TUDO BEM  tout va bien

depart a maree basse pour une course en buggy sur le fil des plages infinies ornees de cocotiers geants abritant des lagons profonds et de minuscules villages blottis derriere les dunes claires.
traverser la mangrove ou les rivieres demeure une aventure;surtout lorsqu ´on passe a gue les rios sur un bac a rames prevu pour un buggy et que l ´on en monte deux a bord;a la descente le buggy tombe a moitie dans la vase , l ´eau saumatre monte a hauteur du siege ; il va falloir ecoper [ j ´ai deja vecu ca quelque part ]; je suis a present dans une position tres inconfortable , de l ´eau jusqu aux genoux dans un buggy [ tout terrain ] en equilibre sur une roue ;sombrer corps et biens dans la mangrove sous le regard menacant des crabes prets a se jeter sur mon pauvre corps demuni dont il ne restera a coup sur que les os ne me semble pas raisonnable a ce stade du voyage.mais ou est donc Leonardo ..Roberio joue la doublure avec brio , me sort des eaux ..le buggy sera tracte.Bernie meme pas peur..

17 juillet
5h du mat tu te plantes la aux premieres loges d ´un grand spectacle et tu attends que la lumiere explose . alors se dessinent les lignes et les arabesques les courbes et les diagonales dans l ´ocre du jour naissant. le chevaux apparaissent tanquilles dans les vertes prairies bordant le sable immacule et l ´ocean deja bleu . seul le chant des oiseaux et le salut des bresiliens viennent mettre du son a la couleur .. bientot le vent se levera aussi..

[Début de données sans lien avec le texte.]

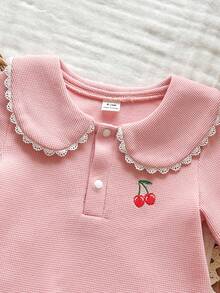 SHEIN 女婴彼得潘领短袖半开襟休闲Polo衫，春夏款 - 紅色 - 查看 5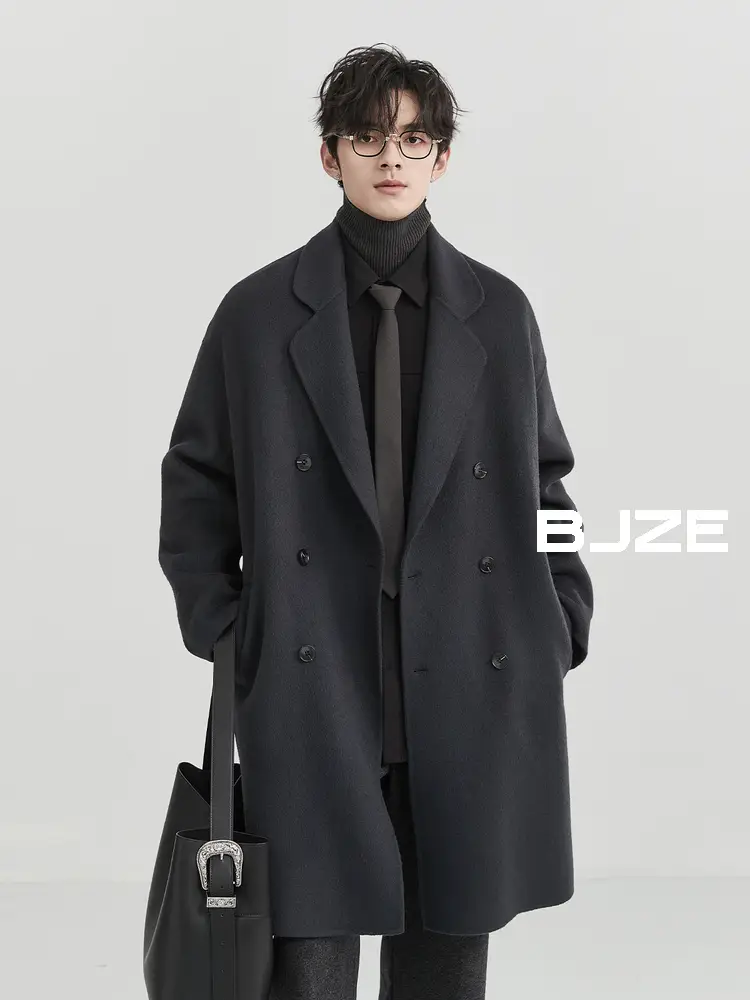 [Full Wool/Goose down Liner] Bjze Autumn and Winter Heattech Handmade Double-Sided Woolen Outwear Mid Length Long Length Men Outwear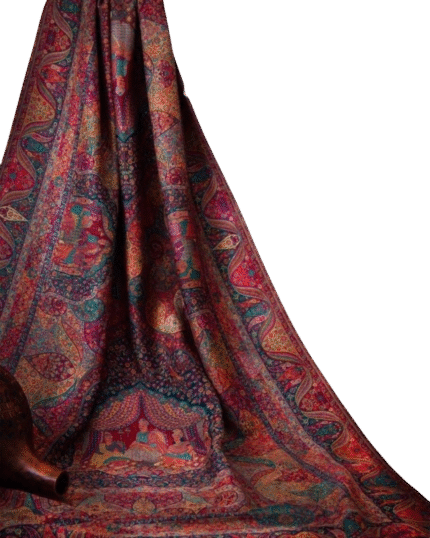 Handmade Pashmina shawl with fine weaving and elegant detailing, draped gracefully to showcase its soft texture and luxury finish.
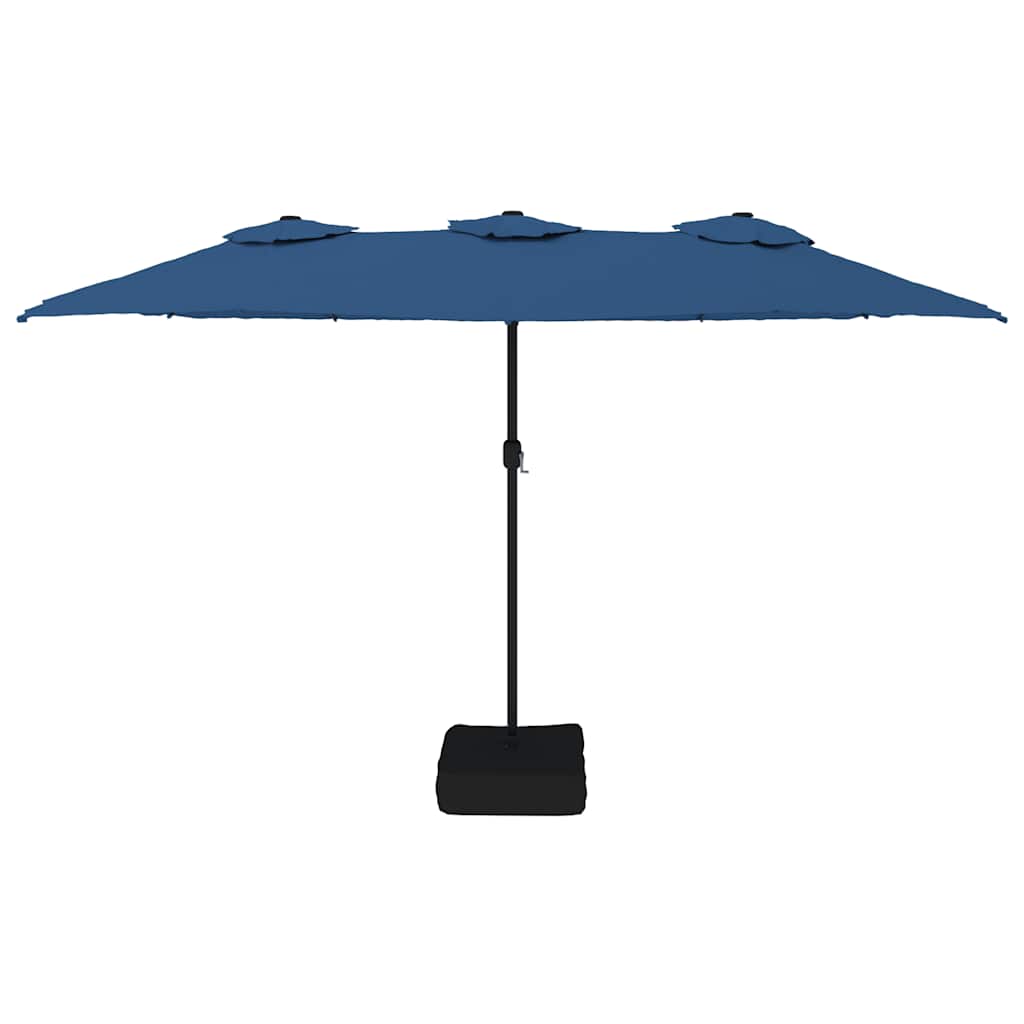 vidaXL Double-Head Garden Parasol Azure Blue 449x265 cm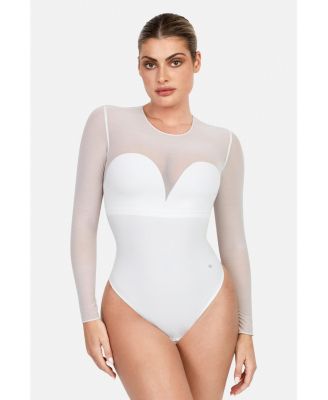 Women's Shapewear Illusion Mesh Long Sleeve Tummy Control Bodysuit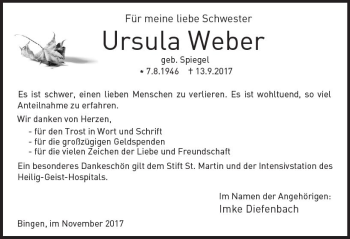 Traueranzeige von Ursula Weber von Trauerportal Rhein Main Presse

c est JERI et ca se merite au bout du bout ,  5 rues sablonneuses entre une vaste plage de sable gris des collines verdoyantes et la majestueuse dune Por el Sol .. pour les fondus de kite surf et de capoiera .. avec un petit air de San Pedro de Atacama
l ´altitude en moins la chaleur et l ´ocean en plus ..
a 2 dunes d ´ici la LAGOA de PARADISO la bien nommee , suffisament surnaturelle pour ne pas y croire .. Dieu a du y mettre la main ou le pied sur cette terre de futbol ; a 7 h a peine de Lisboa vous rentrez sur les terres de delices .. comme un decor de film avec pour seul scenario le jeu du vent dans la lagune bleue .. inutile a decrire .. c ´est hallucinant de beaute a pleurer de bonheur . des oiseaux pointillent les etendues de sable blanc de leur plumage resplendissant a la robe orange et noire
Attention danger .. a proteger absolument .

17 juillet
moi je passe les vacances avec Sebastien Loeb qui s´éclate bien a piloter sur le terrain fragile des dunes .. sensations garanties ..  a la descente on effleure les lagunes a la montee on tutoie les nuages .. excelente ..
a GURIU on longe un cimetiere d ´arbres aux formes etranges de squelettes et carcasses de defenses d ´elephants imaginaires jusqu á TATAJUBA  ou l ´on raconte l ´histoire de ce village englouti sous les sables ; on s ´embarque pour observer les hyppocampes nageurs tranquilles dans les eaux troubles mais remarquables par leur couleur corail qui rivalise avec le rouge ecarlate des crabes .. je me pince je ne reve pas.. puis au sommet d ´une dune tu contemples a 360 degres un spectacle eblouissant de lagunes blotties au creux des dunes et des vertes prairies parcourues par les vaches les chevres les anes et les chevaux .. les papillons amarellos envahissent l ´espace  .. tu apercois le coqueiro solitario .. et des bouquets de cocotiers aux silhouettes graciles balancant leurs palmes qui semblent des eventails .. je suis vaguement en apesanteur .. tu continues la route  .. tu traces dans les dunes fixes celles que ne faconnera pas le vent .. chercher l ´architecte de ce paysage aux cotes de Sebastien , sur un air de Dire Straits pour finir les pieds dans l ´eau turquoise en te regalant des langoustes pechees dans l ´instant en sirotant la caipirinha nationale .. ce n ´est pas le rhum mais la beleza qui monte a la tete  .. je ne sais pas trop ou j ´en suis .. je ne sais meme plus ou j ´habite ..
salut  .. tudo bem

21 juillet
chanter sous la douche [ sous une eau plus que suspecte ] a 6h du mat c ´est se donner du courage car tu n ´es pas tout a fait seul dans ton intimite : araignees grenouilles minuscules et lezards geants se sont invites a la toilette . . et j ´ai la quelques trophes de guerre de ma bataille nocturne contre les mosquitos et le souvenir des bruits amplifies et mysterieux de la nuit .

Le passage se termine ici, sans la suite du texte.